The SIA’s written statement includes a section breaking down key “biometric myths,” including notes on accuracy, bias and data security. U.S. government data, it says, “shows that the leading biometric technologies used in products today are well over 99 percent accurate overall and more than 97.5 percent accurate across more than 70 different demographic variables.”

Int 0217-2024 “would make it unlawful for any place or provider of public accommodation to use biometric recognition technology to verify or identify a customer. It would also require places or providers of public accommodation to notify customers if biometric identifier information is collected and to require written consent before any biometric recognition technology could be used.”

Crucially, 0217 includes a private right of action, stating that “a person who is aggrieved by a violation of this chapter may commence an action in a court of competent jurisdiction on [his or her] such person’s own behalf against an offending party.” Written notice must be provided 30 days in advance. Each violation of a subdivision of section 22-1202 results in damages of $500. Each negligent violation of subdivision b or c of section 22-1202 incurs damages of $500; while every “intentional or reckless violation” of the same results in damages of $5,000.

Int 0425-2024 “would make it unlawful for an owner of a multiple dwelling to install, activate or use any biometric recognition technology that identifies tenants or the guest of a tenant.” It does not include a private right of action.

Both bills are revived versions of legislation introduced in past council sessions. They are accompanied by a third bill which would restrict the sharing of location data from mobile phones.

Facial recognition opponents cite mistaken matches, unlawful arrests

Those who testified in support of the two bills included advocacy groups Fight for the Future, the Surveillance Technology Oversight Project (STOP) and the New York Civil Liberties Union. Major critiques centered on the potential for racial bias and discrimination in facial recognition systems, threats to an assumed right to privacy and the potential for abuse by police departments and other law enforcement agencies at the expense of people of color.

Council members who put forth questions noted the potential burden of expense for businesses that have already installed biometric systems and would be forced to remove and replace them. Concerns about rights ran both ways, with some wondering why co-ops should be banned from deploying facial recognition for security with consent from all of their members. There were advocates for a measured approach. It was often noted that the laws would still allow certain use cases with specific intent and limitations.

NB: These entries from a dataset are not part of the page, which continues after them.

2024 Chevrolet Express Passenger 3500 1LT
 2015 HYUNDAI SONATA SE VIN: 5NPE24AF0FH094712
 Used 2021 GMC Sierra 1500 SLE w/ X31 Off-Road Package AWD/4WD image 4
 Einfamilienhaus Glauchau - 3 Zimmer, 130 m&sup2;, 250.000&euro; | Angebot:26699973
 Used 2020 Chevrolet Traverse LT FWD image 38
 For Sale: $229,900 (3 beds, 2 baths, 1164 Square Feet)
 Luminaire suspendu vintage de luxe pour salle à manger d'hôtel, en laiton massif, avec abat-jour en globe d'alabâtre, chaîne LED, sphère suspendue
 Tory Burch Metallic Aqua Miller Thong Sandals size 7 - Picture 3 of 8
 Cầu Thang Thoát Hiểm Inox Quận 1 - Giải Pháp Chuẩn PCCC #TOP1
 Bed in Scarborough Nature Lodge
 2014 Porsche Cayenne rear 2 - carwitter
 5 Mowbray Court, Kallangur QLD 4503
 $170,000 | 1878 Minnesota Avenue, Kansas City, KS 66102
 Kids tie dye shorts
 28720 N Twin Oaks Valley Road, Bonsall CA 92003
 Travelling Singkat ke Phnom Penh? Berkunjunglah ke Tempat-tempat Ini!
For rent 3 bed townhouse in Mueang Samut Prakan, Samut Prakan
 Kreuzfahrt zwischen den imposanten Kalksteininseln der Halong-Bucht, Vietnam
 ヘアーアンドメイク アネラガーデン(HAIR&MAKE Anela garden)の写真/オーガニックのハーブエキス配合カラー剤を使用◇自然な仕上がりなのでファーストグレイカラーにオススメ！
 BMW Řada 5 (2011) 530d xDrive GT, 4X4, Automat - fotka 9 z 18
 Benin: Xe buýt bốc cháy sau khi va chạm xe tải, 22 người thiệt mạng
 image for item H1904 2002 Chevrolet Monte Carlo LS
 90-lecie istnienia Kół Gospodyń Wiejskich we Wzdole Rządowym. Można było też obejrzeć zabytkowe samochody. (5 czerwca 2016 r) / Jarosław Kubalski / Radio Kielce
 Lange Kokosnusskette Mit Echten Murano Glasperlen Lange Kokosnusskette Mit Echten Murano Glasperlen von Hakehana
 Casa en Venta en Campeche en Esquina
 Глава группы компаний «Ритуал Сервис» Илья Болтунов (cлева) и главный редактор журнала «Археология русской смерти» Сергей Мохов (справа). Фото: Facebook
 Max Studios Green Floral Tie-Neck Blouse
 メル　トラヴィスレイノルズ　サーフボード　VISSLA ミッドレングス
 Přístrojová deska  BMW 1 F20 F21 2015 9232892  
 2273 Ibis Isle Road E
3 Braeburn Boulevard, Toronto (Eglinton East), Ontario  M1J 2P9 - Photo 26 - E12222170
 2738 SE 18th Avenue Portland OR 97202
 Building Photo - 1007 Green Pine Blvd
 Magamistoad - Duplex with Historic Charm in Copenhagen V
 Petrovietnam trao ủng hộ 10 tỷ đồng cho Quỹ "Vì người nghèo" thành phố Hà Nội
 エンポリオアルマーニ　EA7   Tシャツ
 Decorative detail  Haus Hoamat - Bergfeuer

New York cyber agency has no answers to speak of

One thing most everyone present agreed on was the uselessness of local government in shedding light on anything whatsoever. The OTI kicked off the session by claiming no jurisdiction over the bills, then deferred or evaded the majority of specific questions from council members around the use of biometrics and facial recognition technology. “I’ll have to get back to you on the particulars of that” was a favorite reply. Jennifer Gutierrez, chair of the Committee on Technology, called the OTI’s statements in the chamber “unacceptable.”